MOEDER JERUZALEM SPREEKT

 

De verkondiging op de 17de zondag na Trinitatis

Baruch 4:27-29

 

preek in de Evang.-Lutherse Gemeente Dordrecht op 12 oktober 2003


Gemeente, kunt u de stad Dordrecht, of de stedelijke omgeving waarin u woont, zien als een moeder?
Wij zijn deze symbolische betiteling kwijtgeraakt. Komt dat vanwege de verloedering, bijvoorbeeld de onveiligheid, de smerigheid, de terugloop van arbeid? Het gaat dieper, het is erger.
Het is vooral omdat heel weinig mensen nog liefde voor hun stad voelen. Zij zijn het die nog ervaren, dat zij geworden zijn tot wie ze zijn door de stedelijke gemeenschap. Hun ambacht, hun scholing, hun vrije tijdsbesteding, ja hun persoonlijkheid is door die stedelijke gemeenschap gebaard.
Overdreven? In Zierikzee is een lutheraan die vaak met vochtige ogen door de stad loopt. De stenen spreken tot hem...

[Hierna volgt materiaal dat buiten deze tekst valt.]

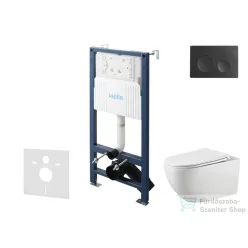   Kielle Genesis New falra szerelhető WC szett, Kielle GAIA rimless WC softclose ülőkével, Gemini New I matt fekete nyomólappal, fehér 30528SS12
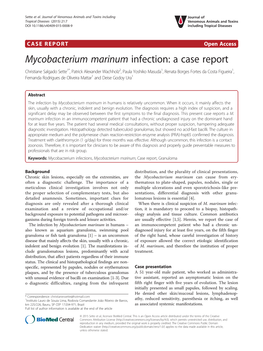 Mycobacterium Marinum Infection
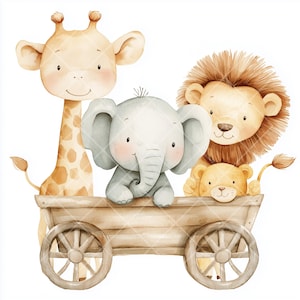 Imágenes prediseñadas de animales de safari: 11 ilustraciones en acuarela JPG de elefantes, leones y jirafas para guarderías, habitaciones infantiles y manualidades.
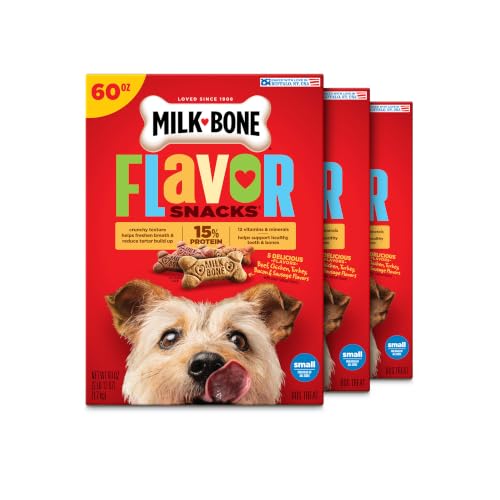Image of Milk-Bone Flavor Snacks Small Dog Biscuits, 60 oz Boxes | 3-pack bulk case, 5 meaty flavors with other natural flavors, crunchy dog treats, 15% protein, 12 vitamins, made in the USA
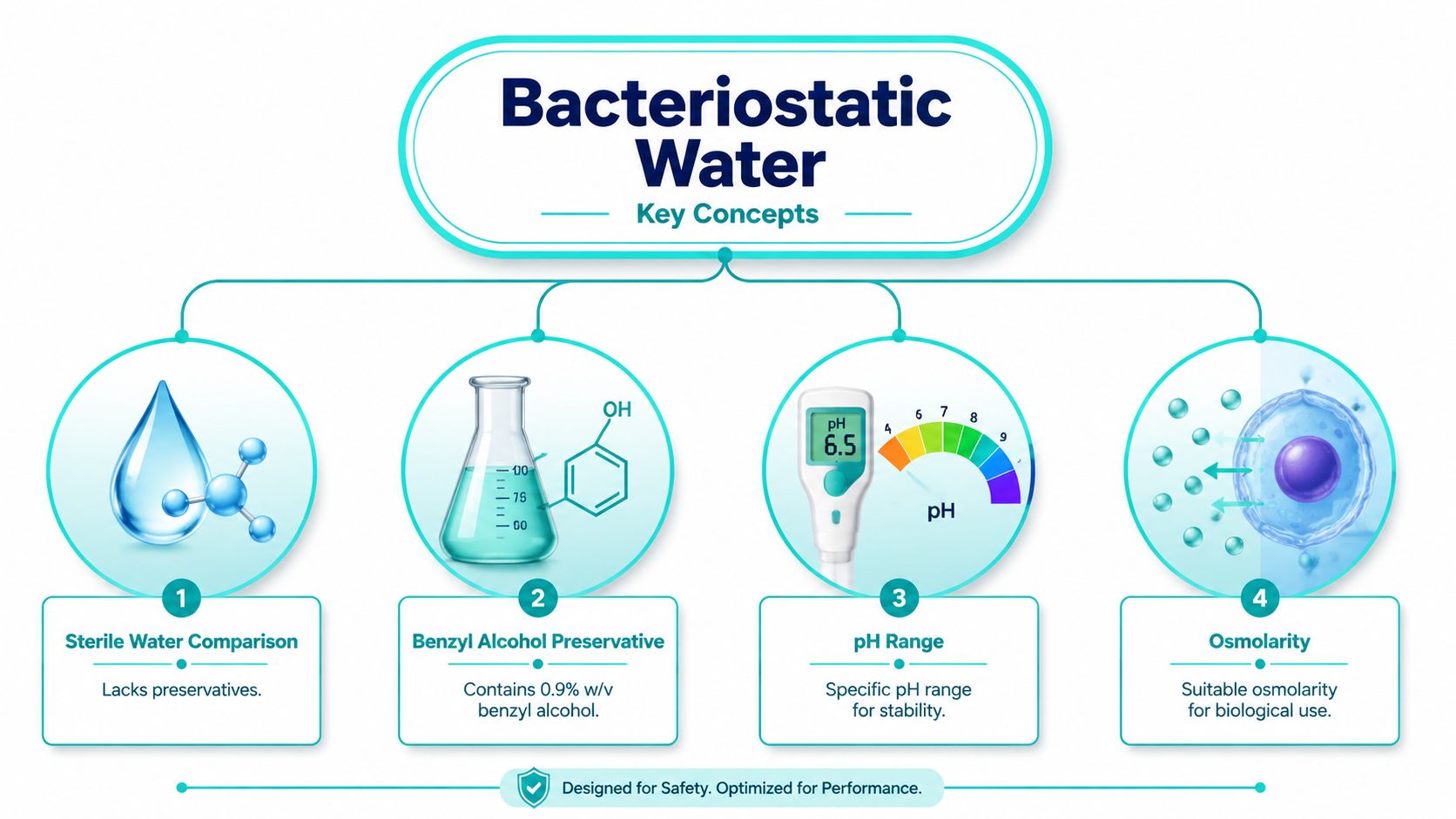 An infographic detailing the four key concepts of bacteriostatic water, including sterile water comparison, benzyl alcohol, pH, and osmolarity.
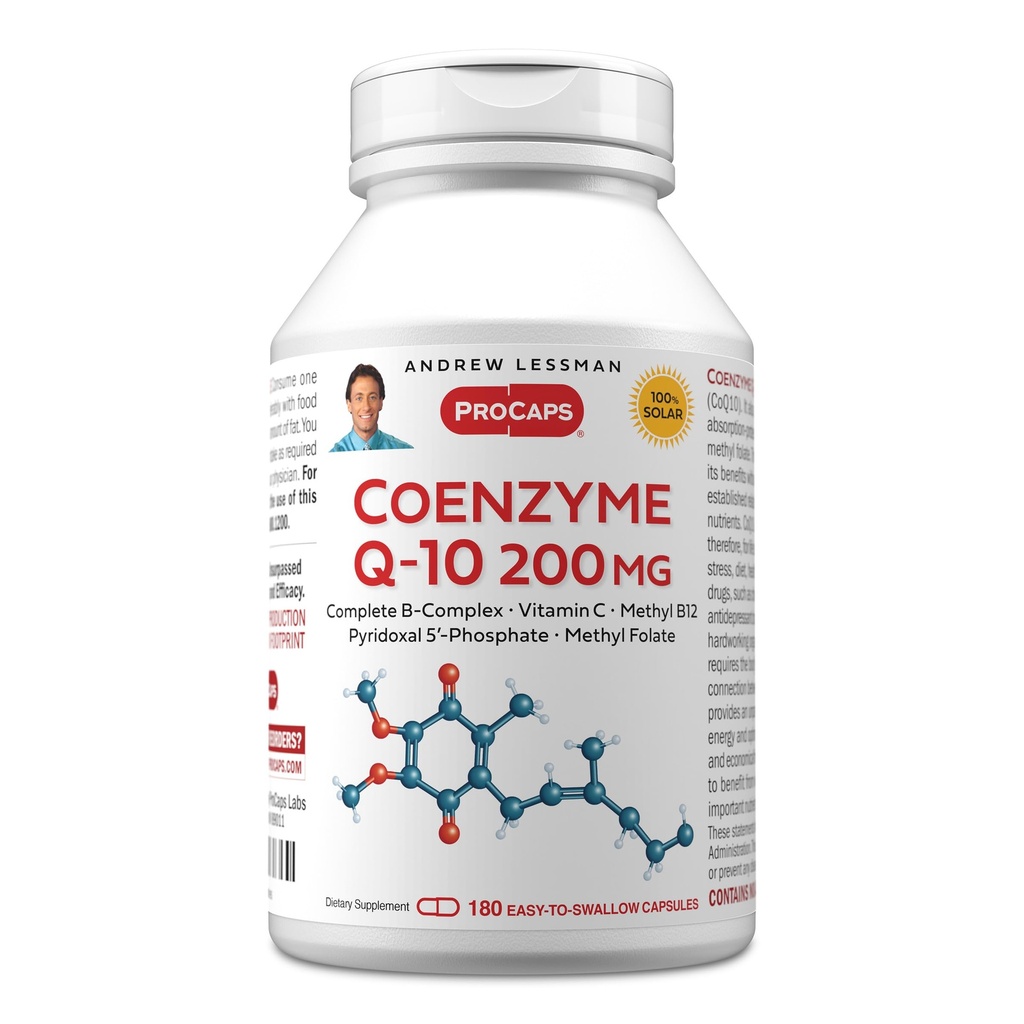 ANDREW LESSMAN Coenzyme Q-10 200 mg 180 kapslar - Essential för energiproduktion och optimal nyckelorganfunktion, antioxidantstöd, uttömt av åldrande, plus B-Complex. Lätt att svälja kapslar
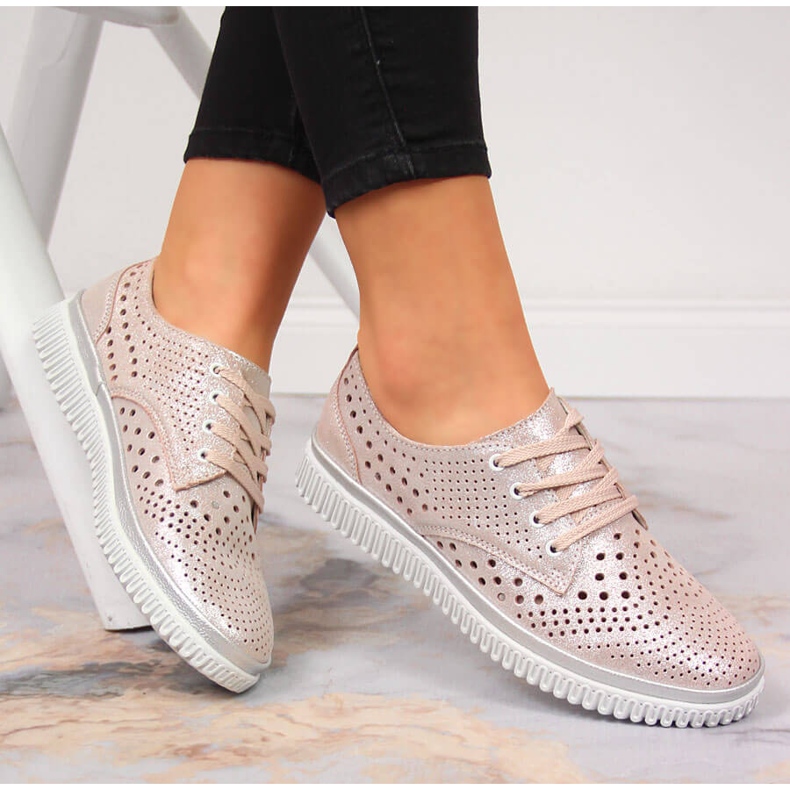 Genombrutna läderskor för kvinnor, pärlorosa Artiker 1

Met dit in gedachten luisteren wij opnieuw naar woorden van Baruch, schrijver van de profeet Jeremia. Deze Baruch had Jeruzalem lief, de stad ooit door koning David tot zijn residentie gemaakt, de stad van de tempel van de Heer. Maar Jeruzalem had geen koning zoals David meer en de tempel lag in puin. Vele inwoners waren in ballingschap.
De stad Jeruzalem heeft niets moederlijks meer. De leefgemeenschap is onvruchtbaar geworden.

Dan ineens krijgt Baruch iets van de profetische inspiratie van zijn werkgever Jeremia. Hij laat moeder Jeruzalem spreken! Hoort u maar:

27 Vat moed kinderen, en roept tot God om hulp.
     Er zal gedachtenis aan u zijn,
     bij Hem die u dit (dat is de ballingschap) heeft laten overkomen.
28 Want zoals uw plan is geweest om weg te dwalen van God
     doet tienmaal meer moeite om door bekering Hem te zoeken.

Baruch
secretaris van
Jeremia
 

29 Want Hij die u het kwade deed overkomen,
     Hij zal u eeuwige blijdschap doen overkomen met uw bevrijding.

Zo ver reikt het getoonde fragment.